Academics across the country have been left in the lurch as ongoing repairs and rain damage restricts access to collections at the National Library of Australia.
The heritage-listed copper roof is still under repairs after damage from the infamous 2020 Canberra hailstorm. Work on the leaky roof coupled with window replacements and installing a new heating, ventilation and cooling system mean many items at the library will be unavailable until November 2023.
This uncertainty has impacted students and academics across Australia.
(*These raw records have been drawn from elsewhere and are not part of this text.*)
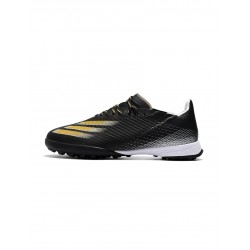 Adidas X Ghosted .1 TF Black Gold Soccer Cleats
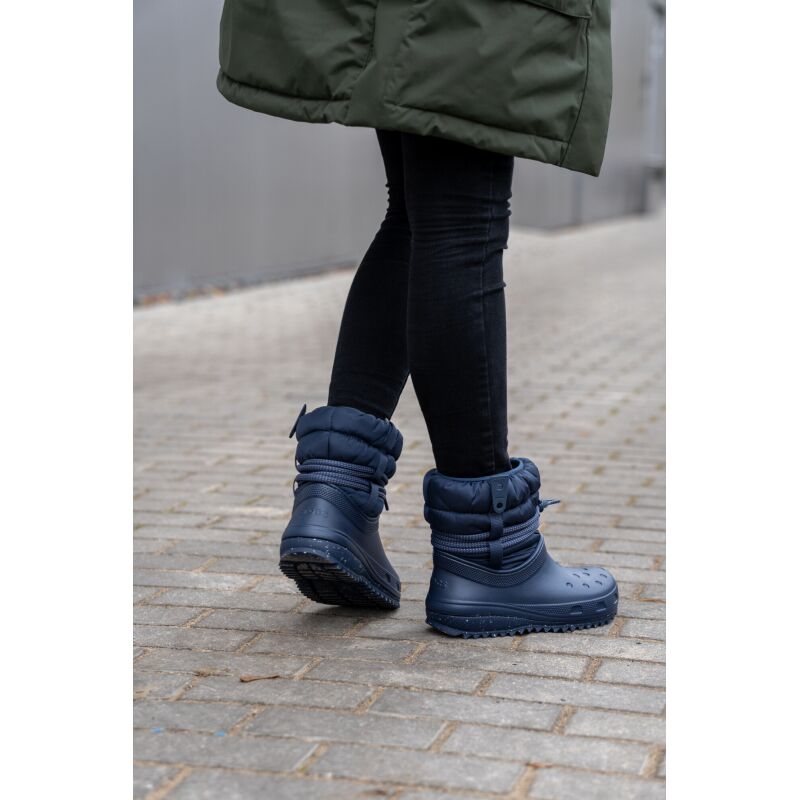 Crocs™ Classic Neo Puff Shorty Boot Women's Navy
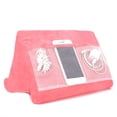thumbnail image 4 of Soporte de almohada de teléfono de la tableta Stand de lectura de ángulo múltiple Soporte de almohada de esponja (rosa), 4 of 8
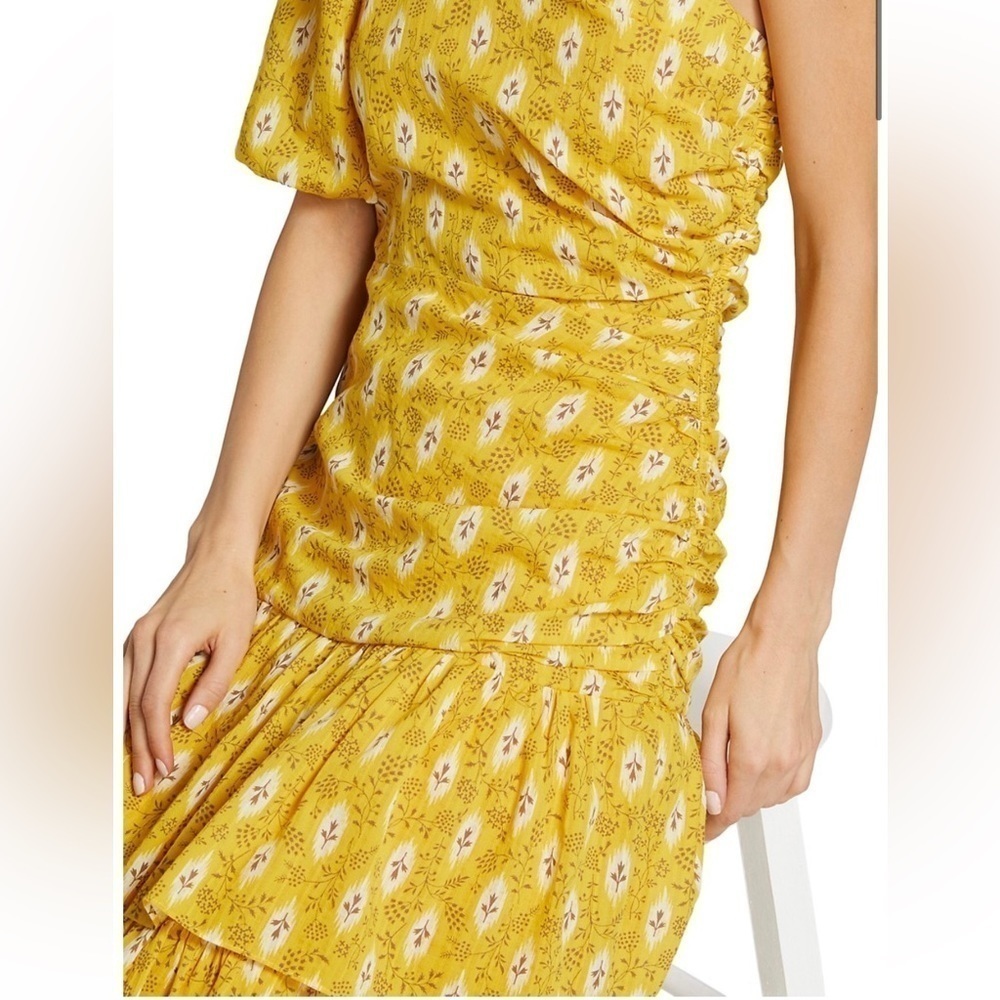 NWT Veronica Beard One Shoulder Virginia Sun Yellow size 0 - Picture 5 of 11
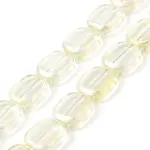 Transparent Electroplate Glass Bead Strands
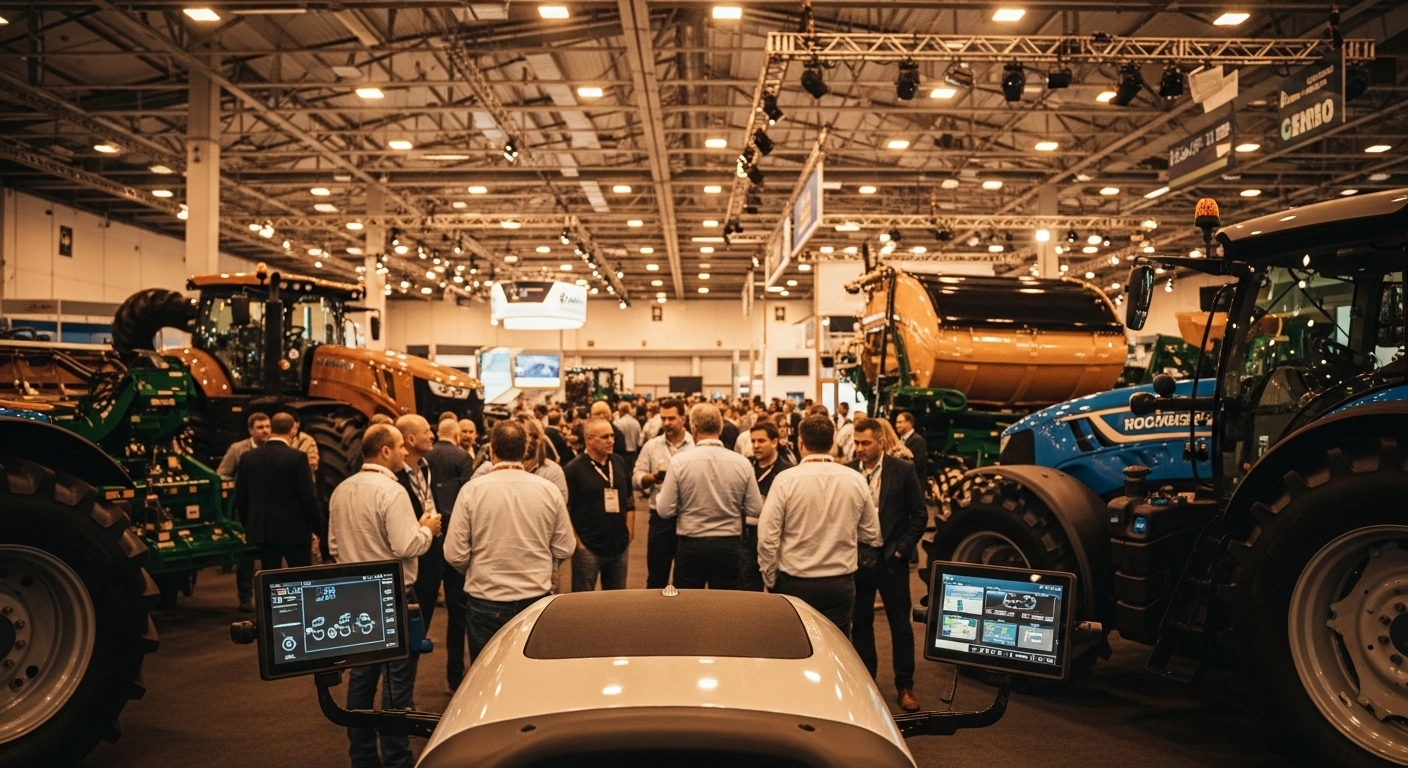 Industry professionals discuss the competitive landscape of agricultural machinery at Agrishow 2026 in Brazil as Chinese and domestic firms vie for market share.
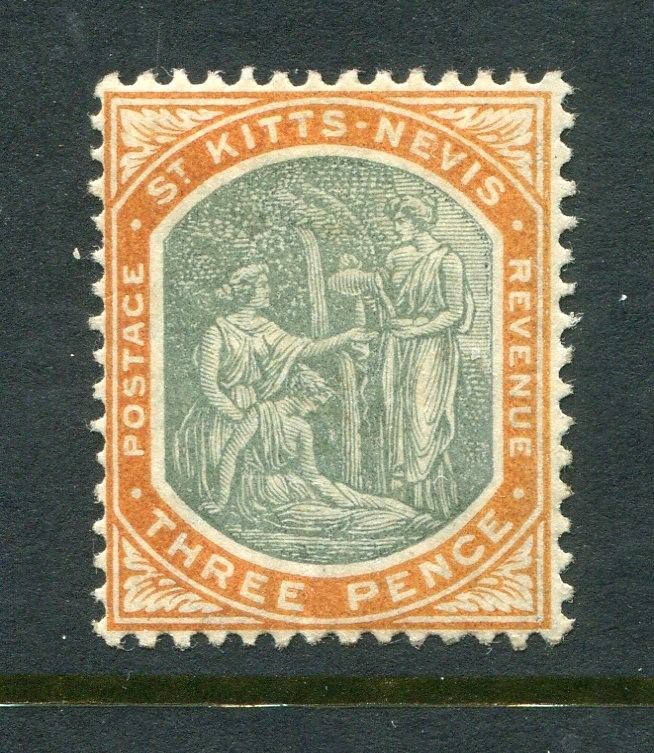 St. Kitts and Nevis #5 Medicinal Spring 3 P. [Mint Hinged]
Many are still recovering from restricted access put in place during the height of the COVID-19 pandemic.
ANU School of History PhD candidate Jessica Urwin is one month away from submitting her final thesis.
She is currently going back through footnotes, and checking books used over the past three years of research. However, more than 20 works key to her thesis are now unavailable at the National Library.
She said most of the Australian history collection had been taken off-site.
Ms Urwin came up with an unusual solution to the problem. She was able to crowdsource information from fellow academics on Twitter.
"I was really lucky that most of the books I was able to crowdsource by getting page numbers from academics or contents from academics," she said.
"There are still a few rare books that I looked at two years ago, cited, took page numbers and referenced but now I have no option of going back to them.
"The National Library is the only place that has these rare books. It's been tough coming towards the end of my thesis."
In September, the NLA announced its collections housed on the top floor would be closed off until next year after water damaged some rare and priceless pieces. Luckily, no irreplaceable items were lost.
Ms Urwin stressed many other PhD candidates had been impacted more significantly by access issues at the National Library.
Many academics outside of the ACT have been forced to cancel summer research trips, delaying their work.
"The National Library is an institution that is fundamental to us being able to actually do our job," Ms Urwin said.
"It's been hard to plan my post-PhD research trajectory when I don't know what I'm going to be able to access over the next 12 months.
"There's not a lot of communication around what collections are going to be taken offline and which ones are going to be available."
For James Watson, also a PhD candidate at ANU, the unavailability of some collections at the National Library is impacting his income.
Like many PhD students, he works as a researcher for other academics unable to travel to Canberra.
"An important part of being a PhD student is that you get a scholarship but it's never enough to make a living just by itself. So, you do research work for other people," Mr Watson said.
"I'm doing a project for someone in Melbourne at the moment and I put in a request to get access to papers. It's been a month [without the papers] and that supplementary income is getting affected."
National Library director-general Dr Marie-Louise Ayres told The Canberra Times in September that the library had retrieved 4000 boxes and volumes for researchers who were currently in Canberra, or had planned research trips within the next few months.
"That's taken up every available bit of space in the library, we don't have capacity to do more," she said.
"But I'm so pleased that at least some of our researchers are going to be able to continue their work."